The online space is growing, but at the same time fragmenting across more platforms and devices than ever before. This includes new ways to buy display and social media. It also includes the explosion of mobile and the growing amount of tablet computers.
Mobile searches now account for 12 percent of overall search volume up from 5 percent a year ago, according to Google. Then you add in tablet computers, the fact that iPad 2s are selling out, and Blackberry, Motorola, and others are entering the marketplace.
The question becomes: how do these different devices perform for your search marketing campaigns? Are tablet users more likely to convert than smartphones, or desktops? How does user behavior, and usage alter the way you think about your marketing approach?
First things first, you have to target these campaigns separately if you ever expect to understand the behavior. If you aren’t granular in your approach, everything just gets rolled up into one number, and you may never understand it, and therefore miss an opportunity. This is something that I first encouraged around these devices last in “How Will Mobile Search Impact Your Paid Campaigns?“
Now that tablet volume has started to show some volume and consistency in the data, I wanted to share some findings around iPad targeting. Our data shows some interesting points that demonstrate user behavior when searching on various devices. All data is compared to mobile devices.

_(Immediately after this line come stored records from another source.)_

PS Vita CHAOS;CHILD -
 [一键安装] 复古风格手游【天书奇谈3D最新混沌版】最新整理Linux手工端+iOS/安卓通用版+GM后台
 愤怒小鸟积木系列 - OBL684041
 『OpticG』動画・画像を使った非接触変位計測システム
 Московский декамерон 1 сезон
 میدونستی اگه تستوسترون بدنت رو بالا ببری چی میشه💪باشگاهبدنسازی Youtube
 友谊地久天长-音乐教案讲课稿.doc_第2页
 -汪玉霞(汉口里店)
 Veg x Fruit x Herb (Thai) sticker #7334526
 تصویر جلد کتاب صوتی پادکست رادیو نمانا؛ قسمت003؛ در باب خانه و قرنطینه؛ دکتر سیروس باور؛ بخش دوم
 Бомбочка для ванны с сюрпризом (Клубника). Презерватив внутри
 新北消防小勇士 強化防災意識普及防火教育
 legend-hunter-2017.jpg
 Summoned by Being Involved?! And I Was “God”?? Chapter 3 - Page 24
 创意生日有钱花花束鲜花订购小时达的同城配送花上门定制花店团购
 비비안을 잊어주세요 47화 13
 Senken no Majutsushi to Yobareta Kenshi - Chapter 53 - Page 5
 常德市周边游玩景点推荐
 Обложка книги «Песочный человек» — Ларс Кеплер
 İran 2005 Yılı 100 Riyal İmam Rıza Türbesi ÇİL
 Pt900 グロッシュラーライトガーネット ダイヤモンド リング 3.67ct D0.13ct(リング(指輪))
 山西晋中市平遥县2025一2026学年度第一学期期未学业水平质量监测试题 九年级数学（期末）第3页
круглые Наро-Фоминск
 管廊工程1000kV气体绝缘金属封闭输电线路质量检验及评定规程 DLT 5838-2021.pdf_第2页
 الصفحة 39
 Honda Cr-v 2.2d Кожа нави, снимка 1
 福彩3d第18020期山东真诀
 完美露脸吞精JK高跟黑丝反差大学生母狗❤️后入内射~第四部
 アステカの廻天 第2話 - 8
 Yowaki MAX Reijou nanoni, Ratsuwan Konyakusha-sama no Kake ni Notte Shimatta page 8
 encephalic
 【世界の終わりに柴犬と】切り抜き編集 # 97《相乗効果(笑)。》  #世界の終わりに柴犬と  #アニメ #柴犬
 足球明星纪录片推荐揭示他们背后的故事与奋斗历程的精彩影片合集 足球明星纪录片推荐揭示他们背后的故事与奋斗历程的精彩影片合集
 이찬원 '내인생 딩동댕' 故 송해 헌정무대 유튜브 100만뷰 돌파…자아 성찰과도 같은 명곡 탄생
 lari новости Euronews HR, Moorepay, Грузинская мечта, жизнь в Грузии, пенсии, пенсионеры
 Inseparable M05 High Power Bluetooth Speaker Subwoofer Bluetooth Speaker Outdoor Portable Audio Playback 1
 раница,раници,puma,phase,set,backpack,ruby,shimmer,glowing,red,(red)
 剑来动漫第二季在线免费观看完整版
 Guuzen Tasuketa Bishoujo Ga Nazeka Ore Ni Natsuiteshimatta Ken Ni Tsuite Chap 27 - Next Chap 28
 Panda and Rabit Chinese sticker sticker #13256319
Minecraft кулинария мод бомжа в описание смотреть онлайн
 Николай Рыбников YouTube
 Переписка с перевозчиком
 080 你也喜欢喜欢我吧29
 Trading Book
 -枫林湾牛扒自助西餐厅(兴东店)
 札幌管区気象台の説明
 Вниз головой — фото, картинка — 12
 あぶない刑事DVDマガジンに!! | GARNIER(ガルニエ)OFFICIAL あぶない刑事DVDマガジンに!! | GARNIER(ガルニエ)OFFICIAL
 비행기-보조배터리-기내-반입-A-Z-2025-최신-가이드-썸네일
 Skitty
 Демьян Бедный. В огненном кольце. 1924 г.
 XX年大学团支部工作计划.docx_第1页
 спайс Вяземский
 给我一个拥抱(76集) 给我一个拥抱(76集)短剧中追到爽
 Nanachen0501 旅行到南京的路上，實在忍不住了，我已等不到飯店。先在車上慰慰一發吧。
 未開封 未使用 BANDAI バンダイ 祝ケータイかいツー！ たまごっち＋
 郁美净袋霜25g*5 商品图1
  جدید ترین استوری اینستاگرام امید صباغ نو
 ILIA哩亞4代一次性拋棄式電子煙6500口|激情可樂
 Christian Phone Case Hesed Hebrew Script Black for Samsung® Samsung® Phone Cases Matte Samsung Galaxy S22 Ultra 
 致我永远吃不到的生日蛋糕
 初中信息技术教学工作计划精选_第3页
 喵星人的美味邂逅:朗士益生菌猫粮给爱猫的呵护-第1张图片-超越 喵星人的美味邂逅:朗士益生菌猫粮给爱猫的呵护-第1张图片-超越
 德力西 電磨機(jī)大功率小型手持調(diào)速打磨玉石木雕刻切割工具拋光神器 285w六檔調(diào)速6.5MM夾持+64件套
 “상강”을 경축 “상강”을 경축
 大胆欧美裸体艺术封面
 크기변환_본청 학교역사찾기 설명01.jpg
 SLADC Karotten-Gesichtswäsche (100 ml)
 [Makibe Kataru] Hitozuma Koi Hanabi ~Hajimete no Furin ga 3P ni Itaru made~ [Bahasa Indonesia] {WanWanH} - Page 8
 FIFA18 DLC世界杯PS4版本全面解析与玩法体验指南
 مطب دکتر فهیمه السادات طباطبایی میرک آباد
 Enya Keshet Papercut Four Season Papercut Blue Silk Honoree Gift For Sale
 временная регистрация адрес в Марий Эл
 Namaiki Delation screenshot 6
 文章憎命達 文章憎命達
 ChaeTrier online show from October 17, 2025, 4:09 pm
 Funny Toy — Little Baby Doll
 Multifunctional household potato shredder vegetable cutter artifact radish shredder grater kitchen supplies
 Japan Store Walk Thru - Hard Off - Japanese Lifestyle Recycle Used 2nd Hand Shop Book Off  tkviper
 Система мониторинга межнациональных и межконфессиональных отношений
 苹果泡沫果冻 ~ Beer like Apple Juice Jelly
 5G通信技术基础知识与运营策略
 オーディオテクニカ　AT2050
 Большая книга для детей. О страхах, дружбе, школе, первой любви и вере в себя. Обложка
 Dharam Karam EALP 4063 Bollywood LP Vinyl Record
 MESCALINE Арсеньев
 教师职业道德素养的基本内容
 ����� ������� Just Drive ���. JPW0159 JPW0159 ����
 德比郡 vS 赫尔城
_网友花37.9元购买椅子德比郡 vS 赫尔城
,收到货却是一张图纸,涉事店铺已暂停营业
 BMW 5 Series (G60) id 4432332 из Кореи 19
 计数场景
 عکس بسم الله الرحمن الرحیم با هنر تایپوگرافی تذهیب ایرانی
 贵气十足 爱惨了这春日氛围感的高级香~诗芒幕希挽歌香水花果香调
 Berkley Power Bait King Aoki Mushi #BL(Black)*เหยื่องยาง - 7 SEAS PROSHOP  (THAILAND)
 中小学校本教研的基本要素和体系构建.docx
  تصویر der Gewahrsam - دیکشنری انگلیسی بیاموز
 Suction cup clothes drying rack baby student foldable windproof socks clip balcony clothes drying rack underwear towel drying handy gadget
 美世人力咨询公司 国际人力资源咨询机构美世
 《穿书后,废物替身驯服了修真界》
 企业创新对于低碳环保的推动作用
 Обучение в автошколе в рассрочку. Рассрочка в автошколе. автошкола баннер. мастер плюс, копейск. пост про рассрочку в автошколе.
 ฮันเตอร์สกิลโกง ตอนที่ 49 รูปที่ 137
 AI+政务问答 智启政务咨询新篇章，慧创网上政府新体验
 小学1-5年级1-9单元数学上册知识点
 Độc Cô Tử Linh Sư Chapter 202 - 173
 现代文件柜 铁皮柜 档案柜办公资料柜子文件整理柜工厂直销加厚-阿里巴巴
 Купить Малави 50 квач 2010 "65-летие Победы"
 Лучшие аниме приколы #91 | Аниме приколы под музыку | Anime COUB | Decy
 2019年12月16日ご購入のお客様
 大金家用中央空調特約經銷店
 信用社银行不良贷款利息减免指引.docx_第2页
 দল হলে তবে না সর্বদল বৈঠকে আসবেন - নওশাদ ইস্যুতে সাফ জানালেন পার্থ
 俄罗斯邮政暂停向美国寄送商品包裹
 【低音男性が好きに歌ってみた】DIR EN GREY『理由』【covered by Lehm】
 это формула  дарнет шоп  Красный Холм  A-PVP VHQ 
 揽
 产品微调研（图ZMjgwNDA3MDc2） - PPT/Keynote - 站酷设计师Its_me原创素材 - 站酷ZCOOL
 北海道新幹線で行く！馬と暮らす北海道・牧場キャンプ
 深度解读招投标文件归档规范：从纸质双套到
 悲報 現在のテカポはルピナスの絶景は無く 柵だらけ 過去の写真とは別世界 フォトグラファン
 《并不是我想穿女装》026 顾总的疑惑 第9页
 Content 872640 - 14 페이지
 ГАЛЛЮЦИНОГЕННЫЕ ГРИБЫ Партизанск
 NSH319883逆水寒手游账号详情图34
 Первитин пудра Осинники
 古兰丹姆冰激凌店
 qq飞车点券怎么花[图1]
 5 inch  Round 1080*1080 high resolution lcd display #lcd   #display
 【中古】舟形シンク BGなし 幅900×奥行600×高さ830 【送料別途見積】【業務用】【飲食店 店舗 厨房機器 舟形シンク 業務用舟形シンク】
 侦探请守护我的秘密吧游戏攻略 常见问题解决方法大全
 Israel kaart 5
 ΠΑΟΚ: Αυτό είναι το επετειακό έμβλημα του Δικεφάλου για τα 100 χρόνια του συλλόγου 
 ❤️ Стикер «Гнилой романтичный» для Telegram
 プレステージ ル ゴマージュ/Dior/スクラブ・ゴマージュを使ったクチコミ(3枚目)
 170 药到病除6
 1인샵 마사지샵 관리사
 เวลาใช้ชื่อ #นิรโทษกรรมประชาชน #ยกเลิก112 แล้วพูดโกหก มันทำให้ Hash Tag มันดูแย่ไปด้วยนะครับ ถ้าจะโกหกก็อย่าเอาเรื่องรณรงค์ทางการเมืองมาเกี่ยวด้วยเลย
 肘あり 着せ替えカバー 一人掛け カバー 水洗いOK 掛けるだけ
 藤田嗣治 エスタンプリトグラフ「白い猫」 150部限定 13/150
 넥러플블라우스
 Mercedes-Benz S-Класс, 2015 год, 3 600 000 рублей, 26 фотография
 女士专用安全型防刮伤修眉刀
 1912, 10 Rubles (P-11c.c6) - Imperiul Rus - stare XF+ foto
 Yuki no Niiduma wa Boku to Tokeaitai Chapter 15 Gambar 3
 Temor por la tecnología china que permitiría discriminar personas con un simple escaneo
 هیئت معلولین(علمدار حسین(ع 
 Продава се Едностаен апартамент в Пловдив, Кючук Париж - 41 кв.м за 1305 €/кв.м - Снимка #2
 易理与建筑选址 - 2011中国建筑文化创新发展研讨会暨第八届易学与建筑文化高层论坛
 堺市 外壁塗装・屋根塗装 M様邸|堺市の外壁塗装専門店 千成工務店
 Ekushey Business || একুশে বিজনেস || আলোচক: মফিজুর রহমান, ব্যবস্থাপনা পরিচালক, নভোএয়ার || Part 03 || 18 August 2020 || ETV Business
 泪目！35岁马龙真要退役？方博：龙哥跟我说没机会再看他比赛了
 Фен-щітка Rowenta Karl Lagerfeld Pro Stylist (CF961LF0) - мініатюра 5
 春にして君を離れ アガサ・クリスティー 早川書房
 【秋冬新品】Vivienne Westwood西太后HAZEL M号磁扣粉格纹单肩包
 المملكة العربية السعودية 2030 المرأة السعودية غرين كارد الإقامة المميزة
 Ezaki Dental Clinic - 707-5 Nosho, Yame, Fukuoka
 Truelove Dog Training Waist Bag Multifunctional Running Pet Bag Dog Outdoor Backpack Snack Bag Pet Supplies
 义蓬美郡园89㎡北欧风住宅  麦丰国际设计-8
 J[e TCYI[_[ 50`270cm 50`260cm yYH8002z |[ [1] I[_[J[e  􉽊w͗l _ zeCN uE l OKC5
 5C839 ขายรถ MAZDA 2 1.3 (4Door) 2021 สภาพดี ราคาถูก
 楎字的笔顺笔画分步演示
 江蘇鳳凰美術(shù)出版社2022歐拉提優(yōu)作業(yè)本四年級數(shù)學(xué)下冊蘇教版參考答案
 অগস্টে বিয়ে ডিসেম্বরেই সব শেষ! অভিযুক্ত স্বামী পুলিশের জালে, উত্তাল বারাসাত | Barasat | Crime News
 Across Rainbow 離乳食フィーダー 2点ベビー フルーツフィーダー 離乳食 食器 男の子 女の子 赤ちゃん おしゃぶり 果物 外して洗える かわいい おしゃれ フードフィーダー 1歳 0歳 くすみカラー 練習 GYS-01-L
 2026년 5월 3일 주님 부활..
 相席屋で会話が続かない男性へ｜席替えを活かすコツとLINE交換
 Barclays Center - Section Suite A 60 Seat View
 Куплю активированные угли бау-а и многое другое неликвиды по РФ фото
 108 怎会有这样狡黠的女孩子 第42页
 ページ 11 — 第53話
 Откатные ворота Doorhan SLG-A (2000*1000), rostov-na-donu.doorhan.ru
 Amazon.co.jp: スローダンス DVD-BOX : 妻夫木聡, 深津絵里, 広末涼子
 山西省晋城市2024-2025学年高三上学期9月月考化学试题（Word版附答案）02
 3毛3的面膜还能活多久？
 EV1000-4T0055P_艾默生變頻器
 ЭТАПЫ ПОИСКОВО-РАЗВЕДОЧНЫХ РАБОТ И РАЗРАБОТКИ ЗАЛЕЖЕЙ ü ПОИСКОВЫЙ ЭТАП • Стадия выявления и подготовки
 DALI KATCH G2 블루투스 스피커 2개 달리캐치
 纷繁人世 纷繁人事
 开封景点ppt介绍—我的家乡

- ROI is >5,000 percent better on both desktops and tablets. This indicates the improved user experience on those devices.
- While tablet devices have significantly less search volume than mobile devices, the amount of orders is much higher. This indicates the local nature of mobile devices. While the use of mobile devices is much heavier the intent of those users is much less conversion focused.
- CPCs on tablets are the most expensive of the three devices. This was surprising. I was expecting competition to be lower, and with a higher CTR than mobile relevancy scores to be much higher. Not sure I can even explain this, but this is another important reason why breaking these campaigns out separately given some data points defy logic, and require more research, or different action. Without that data you would manage based on your opinion, and that won’t lead to better results.
The targeting settings occur at the campaign level, and there are many other targets available. You can target cellular carriers and various mobile OS as well.
All these options can give valuable insight into user behavior. Data is what makes search a great advertising medium. Taking advantage of these granular targeting options provide improved ability to optimize your campaigns.
As more tablet devices hit the market they will continue to grow as a percent of the search population. There are clearly some opportunities to set specific bids, and control the keyword lists differently.
I encourage you to take a look at your tablet specific data, and see what you can learn and apply to your search marketing campaigns.